Van alle insecten had Vlinder de grootste mond.
Zag ze iets wat haar niet beviel, dan riep ze dat meteen. En ze stak haar tong uit.
‘Hé, moet je niet eens wat meer bewegen, je wordt vet! Bleeeeh!’ riep ze tegen mestkever
‘Klaplopers, als je zo doorgaat loopt het verkeerd met je af! Bleeeeh!’ riep ze tegen miertjes die even aan het spelen waren
Als andere insecten iets terug wilden zeggen, ‘Wat bedoel je?’ of: ‘kom op doe niet zo flauw’, dan fladderde Vlinder toevallig net iets hoger en deed ze of ze het niet hoorde.
Ze zat ’s avonds met ingeklapte vleugels te rusten op een blad toen Rups haar aansprak.
‘Vlinder, waarom roep je steeds onaardige dingen?’
‘Maar dat doe ik toch helemaal niet?’ zei Vlinder. Ik geef gewoon goed advies.’
Rups kon haar niet overtuigen. ‘Maar de anderen vinden je niet leuk meer! Ze horen door al die nare dingen die je roept niet eens de aardige dingen meer die je zegt!’
‘Dat is dan heel stom van ze,’ zei Vlinder. En stak weer haar tong uit. ‘Bleeeeh’.
Toen werd het winter. En op een kraakheldere morgen vloog Vlinder in de zon, met een sjaal om natuurlijk. Terwijl ze onder een tak door vloog, zag ze een bibberende Bij op een bevroren blad zitten.

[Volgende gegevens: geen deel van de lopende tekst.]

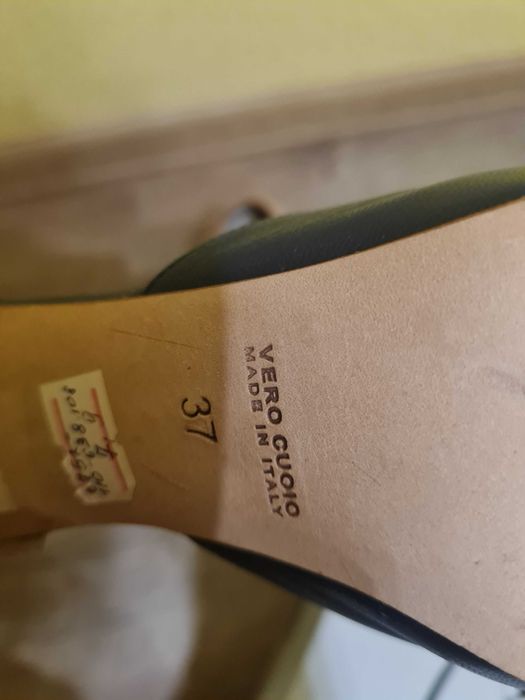 Босоніжки Fillini, 37 розмір.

‘Doe dan ook wat warms aan sufferd! Bleee-hu-huh-heewp!’
– Ze was tegen een ijspegel aangevlogen. Precies op het moment dat ze haar tong uitstak. En die ijspegel was zo koud dat haar tong eraan was blijven plakken!
‘Heeewp!’ riep Vlinder, terwijl ze aan haar tong aan de ijspegel bungelde. ‘Heeewp!’.
Bij keek bibberend naar boven en zag Vlinder hangen. Maar hij had niet veel zin om heel snel hulp te gaan halen. Die vervelende vlinder die haar tong nooit in bedwang kon houden!
Nou ja, vooruit… Na een tijdje was Rups gehaald, en Kever, en de familie Mier. En na weer een tijdje waren ze in de boom geklommen en hadden ze de tong van Vlinder los weten te maken van de ijspegel. En haar met een dekentje om in bed gelegd. Vet lief, toch?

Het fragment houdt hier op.